2) Zu wenige Amplifikationszyklen.
3) Geringe Effizienz der Reagenzverstärkung (kleiner Ct, kann aber auch kein Plateau erreichen).
Lösungen:
1) Erhöhen Sie die Konzentration der Vorlage.
2) Erhöhen Sie die Anzahl der Zyklen.
3) Erhöhung des Mg2+ Konzentration.
2.6 Verstärkungskurve linearer Verlauf Plateau Absacken
Abbildung 7. Amplifikationsdiagramm
Mögliche Ursachen:
1) Vorhandensein von Degradation (Degradation des Amplifikationsprodukts, SYBR-Degradation).
2) Der Röhrchendeckel ist nicht richtig verschlossen und das Reagenz verflüchtigt sich.
3) Die cDNA-Konzentration ist zu hoch (wenn der Ct-Wert zu niedrig ist, wird die Fluoreszenzschwelle zu hoch angesetzt und das Absacken ist stärker).

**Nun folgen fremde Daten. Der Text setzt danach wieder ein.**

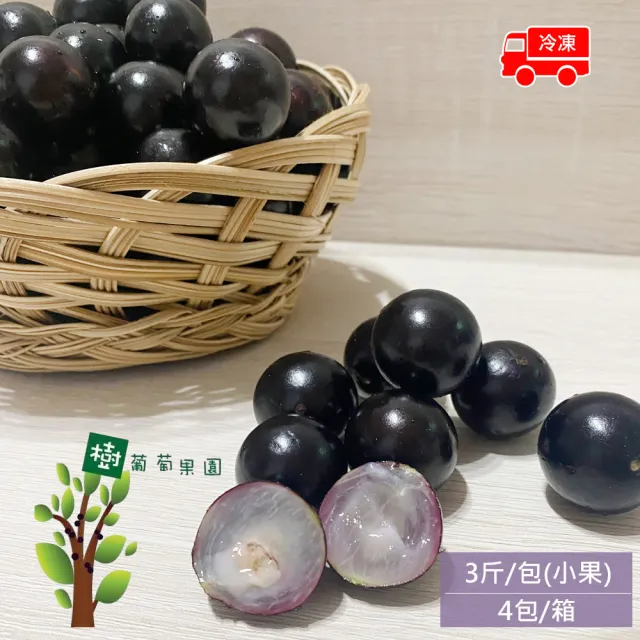 樹葡萄果園 冷凍鮮採樹葡萄12斤x1箱(3斤/包_小果_冷凍宅配_產地直送)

4) Luftblasen im Rohr, dann verschwinden sie.
Lösungen:
1) Verbessern Sie die Systemreinheit.
2) Reduzieren Sie die cDNA-Menge (verdünnen Sie die Vorlage).
3) Verringern Sie den Endpunkt der Basislinie.
2.7 Großer Ct-Wert in der Amplifikationskurve
Abbildung 8. Amplifikationsdiagramm
Mögliche Ursachen:
1) Geringe Anzahl an Vorlagen.
2) Geringe Verstärkungseffizienz.
3) Das PCR-Fragment ist zu lang.
4) Vorhandensein von Inhibitoren im Reaktionssystem.
Lösungen:
1) Reduzieren Sie die Verdünnungszeiten oder erhöhen Sie die Vorlagemenge, sodass der Ct-Wert möglichst zwischen 15 und 30 liegt.
2) Optimieren Sie die Reaktionsbedingungen, versuchen Sie ein dreistufiges Amplifikationsverfahren oder entwerfen Sie Primer neu.
3) Die PCR-Produktlänge beträgt 100–150 bp, es wird jedoch empfohlen, 300 bp nicht zu überschreiten.
4) Reproduktion von Vorlagen mit höherer Reinheit.
2.8 Schlechte Wiederholbarkeit von Amplifikationskurven
Abbildung 9. Amplifikationsdiagramm
Mögliche Ursachen:
1) Große Spike-Fehler.
2) Reagenzien und Systeme sind nicht gut gemischt.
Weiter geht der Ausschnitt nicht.